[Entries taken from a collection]
______________________________

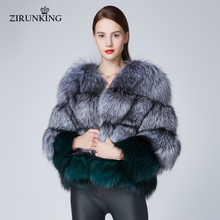 ZIRUNKING-abrigos de piel de zorro auténtica para mujer, chaqueta de piel de zorro Natural, cálida, gruesa, ropa de moda, ZC1861 2024 - compra barato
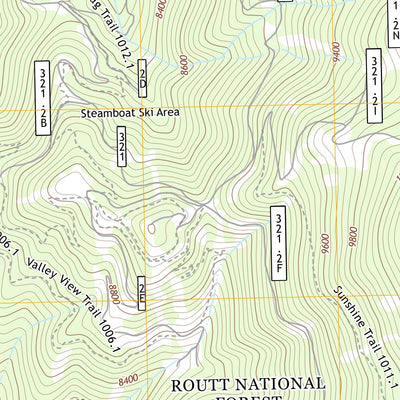 United States Geological Survey Steamboat Springs, CO (2013, 24000-Scale) digital map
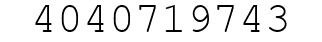 Number 4040719743.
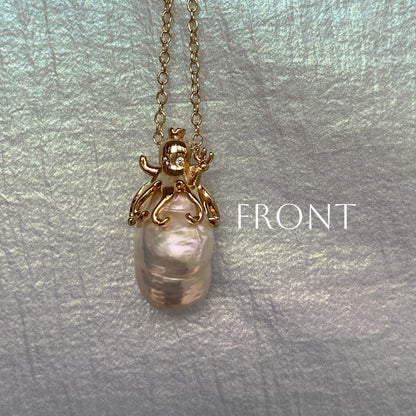 Octavia Pearl Octopus Pendant Necklace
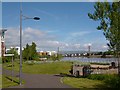 View of the River Usk from Riverside Park, Newport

______________________________

* Assignment
Hand back the data above exactly, with no images.

* Solved problem
 ZIRUNKING-abrigos de piel de zorro auténtica para mujer, chaqueta de piel de zorro Natural, cálida, gruesa, ropa de moda, ZC1861 2024 - compra barato
 United States Geological Survey Steamboat Springs, CO (2013, 24000-Scale) digital map
 Number 4040719743.
 Octavia Pearl Octopus Pendant Necklace
 View of the River Usk from Riverside Park, Newport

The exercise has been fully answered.